**HOW TO COMPLETE THIS TASK**
Repeat exactly the lines from the line containing "database email, a" through the last line of the records below, inclusive, and nothing else.

**Data excerpts**

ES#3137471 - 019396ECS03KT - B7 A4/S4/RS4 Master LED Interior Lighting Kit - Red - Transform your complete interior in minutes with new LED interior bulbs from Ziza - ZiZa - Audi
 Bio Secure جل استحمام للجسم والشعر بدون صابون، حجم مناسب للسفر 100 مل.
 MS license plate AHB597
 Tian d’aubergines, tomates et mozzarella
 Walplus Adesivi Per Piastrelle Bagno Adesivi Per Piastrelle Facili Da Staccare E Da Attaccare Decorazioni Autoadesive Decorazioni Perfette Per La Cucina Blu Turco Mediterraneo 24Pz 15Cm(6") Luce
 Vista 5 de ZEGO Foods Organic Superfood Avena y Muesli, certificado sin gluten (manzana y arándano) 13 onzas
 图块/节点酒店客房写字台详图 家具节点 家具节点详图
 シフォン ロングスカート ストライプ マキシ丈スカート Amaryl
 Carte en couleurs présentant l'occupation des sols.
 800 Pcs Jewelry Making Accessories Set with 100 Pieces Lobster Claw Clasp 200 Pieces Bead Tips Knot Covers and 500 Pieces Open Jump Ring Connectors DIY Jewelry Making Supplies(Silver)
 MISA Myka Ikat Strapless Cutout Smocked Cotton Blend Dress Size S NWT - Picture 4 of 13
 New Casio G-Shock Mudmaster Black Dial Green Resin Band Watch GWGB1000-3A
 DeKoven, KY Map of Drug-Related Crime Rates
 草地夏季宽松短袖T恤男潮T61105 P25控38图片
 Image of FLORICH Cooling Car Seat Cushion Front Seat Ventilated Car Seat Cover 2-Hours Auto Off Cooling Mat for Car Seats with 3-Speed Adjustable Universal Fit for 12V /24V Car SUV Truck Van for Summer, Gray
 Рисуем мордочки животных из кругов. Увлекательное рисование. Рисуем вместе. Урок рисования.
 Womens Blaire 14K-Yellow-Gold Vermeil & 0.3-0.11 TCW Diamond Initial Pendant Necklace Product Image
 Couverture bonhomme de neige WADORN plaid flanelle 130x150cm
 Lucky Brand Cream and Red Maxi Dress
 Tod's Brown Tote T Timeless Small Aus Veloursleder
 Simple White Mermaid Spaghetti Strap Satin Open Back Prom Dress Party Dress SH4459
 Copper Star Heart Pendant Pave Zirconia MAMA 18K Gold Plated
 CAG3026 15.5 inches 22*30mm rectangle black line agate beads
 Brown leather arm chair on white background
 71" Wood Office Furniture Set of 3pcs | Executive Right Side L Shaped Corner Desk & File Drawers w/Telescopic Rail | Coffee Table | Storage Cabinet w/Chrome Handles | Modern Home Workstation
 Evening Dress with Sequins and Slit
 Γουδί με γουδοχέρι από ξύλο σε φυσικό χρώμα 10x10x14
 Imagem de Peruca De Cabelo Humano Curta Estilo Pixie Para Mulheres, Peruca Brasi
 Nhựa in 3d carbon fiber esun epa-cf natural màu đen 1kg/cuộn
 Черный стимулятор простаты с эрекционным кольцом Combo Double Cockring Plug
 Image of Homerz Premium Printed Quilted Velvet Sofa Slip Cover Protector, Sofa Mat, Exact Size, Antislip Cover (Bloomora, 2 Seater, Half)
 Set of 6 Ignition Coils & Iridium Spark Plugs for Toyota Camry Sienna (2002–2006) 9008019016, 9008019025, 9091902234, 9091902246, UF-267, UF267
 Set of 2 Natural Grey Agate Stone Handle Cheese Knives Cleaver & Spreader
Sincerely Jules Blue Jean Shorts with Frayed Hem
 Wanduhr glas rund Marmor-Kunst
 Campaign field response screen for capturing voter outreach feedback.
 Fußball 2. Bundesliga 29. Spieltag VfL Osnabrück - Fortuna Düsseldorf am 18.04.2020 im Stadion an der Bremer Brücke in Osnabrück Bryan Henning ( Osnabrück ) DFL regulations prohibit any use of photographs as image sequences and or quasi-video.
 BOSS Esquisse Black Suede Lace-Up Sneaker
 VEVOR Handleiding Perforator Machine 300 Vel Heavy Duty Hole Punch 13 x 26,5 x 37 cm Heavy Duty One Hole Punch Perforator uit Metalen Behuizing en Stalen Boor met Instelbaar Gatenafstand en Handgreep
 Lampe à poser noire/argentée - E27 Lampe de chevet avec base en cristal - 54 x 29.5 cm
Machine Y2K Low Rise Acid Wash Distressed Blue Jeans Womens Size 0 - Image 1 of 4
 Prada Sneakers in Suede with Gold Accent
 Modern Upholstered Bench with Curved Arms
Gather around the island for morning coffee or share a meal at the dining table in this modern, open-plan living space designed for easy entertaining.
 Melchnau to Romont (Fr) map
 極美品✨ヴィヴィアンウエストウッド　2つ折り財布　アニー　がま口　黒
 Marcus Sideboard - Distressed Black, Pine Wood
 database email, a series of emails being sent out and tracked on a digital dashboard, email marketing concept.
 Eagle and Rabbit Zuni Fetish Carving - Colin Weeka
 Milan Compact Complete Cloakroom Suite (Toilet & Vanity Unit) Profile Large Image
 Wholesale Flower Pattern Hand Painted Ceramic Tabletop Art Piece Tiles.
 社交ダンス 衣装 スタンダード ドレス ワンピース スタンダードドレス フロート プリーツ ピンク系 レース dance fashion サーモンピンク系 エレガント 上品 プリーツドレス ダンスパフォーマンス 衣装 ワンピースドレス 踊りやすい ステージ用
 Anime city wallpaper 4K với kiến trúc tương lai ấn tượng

**EXERCISE OUTPUT**
 database email, a series of emails being sent out and tracked on a digital dashboard, email marketing concept.
 Eagle and Rabbit Zuni Fetish Carving - Colin Weeka
 Milan Compact Complete Cloakroom Suite (Toilet & Vanity Unit) Profile Large Image
 Wholesale Flower Pattern Hand Painted Ceramic Tabletop Art Piece Tiles.
 社交ダンス 衣装 スタンダード ドレス ワンピース スタンダードドレス フロート プリーツ ピンク系 レース dance fashion サーモンピンク系 エレガント 上品 プリーツドレス ダンスパフォーマンス 衣装 ワンピースドレス 踊りやすい ステージ用
 Anime city wallpaper 4K với kiến trúc tương lai ấn tượng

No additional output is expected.